La razón de ser de todo ambientalista o pensador del siglo XXI, es defender el derecho al disfrute del don de la vida, de todas las especies que habitan en el planeta. Y como primer objetivo de vida, será el de desafiar ese razacentrismo de la humanidad, que se ha abogado el derecho de decidir quién vive y quien muere en este planeta.
Entre nosotros mismos, inventamos creencias, supuestos buenos modos de vida y a partir de ahí, regimos comportamientos, castigamos o aplicamos las penas de muerte. En el oriente medio, por ejemplo, si la mujer ve televisión sola, o si tiene pareja sin matrimonio o simplemente decide tener sexo, eso le conlleva a castigos que van desde 100 latigazos o morir apedreada en alguna calle de esos pueblos. En nombre, de unas supuestas reglas “superiores” de convivencia, escritas hace siglos, se quitan vidas. Igual con la muerte se castiga a quienes participen en protestas o se señalen de disidentes.

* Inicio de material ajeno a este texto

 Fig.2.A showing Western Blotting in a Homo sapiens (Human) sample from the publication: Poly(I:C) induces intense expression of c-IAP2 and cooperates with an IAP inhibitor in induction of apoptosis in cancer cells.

También matamos si tenemos religiones distintas, o ese ha sido el argumento para “justificar”, los genocidios entre los pueblos de la ex Yugoslavia, por nombrar un caso reciente. La palabra escrita en un libro, que data de una cosmovisión absolutamente desfasada de la actual realidad, tiene el poder de someternos, o de eso se valen para reducirnos. O si políticamente, en regímenes de gobierno no democráticos, no se evidencian lealtades absolutas. Ejecuciones extra sumariales, es lo común, cuando se detenta el poder por la vía de la fuerza o por la autoridad concebida a supuestos linajes otorgados por la gracia divina. Reyes, príncipes, emperadores, presidentes o generales vitalicios, con un simple susurro a uno de sus asistentes, decide el tiempo de vida de quien lo perturbe.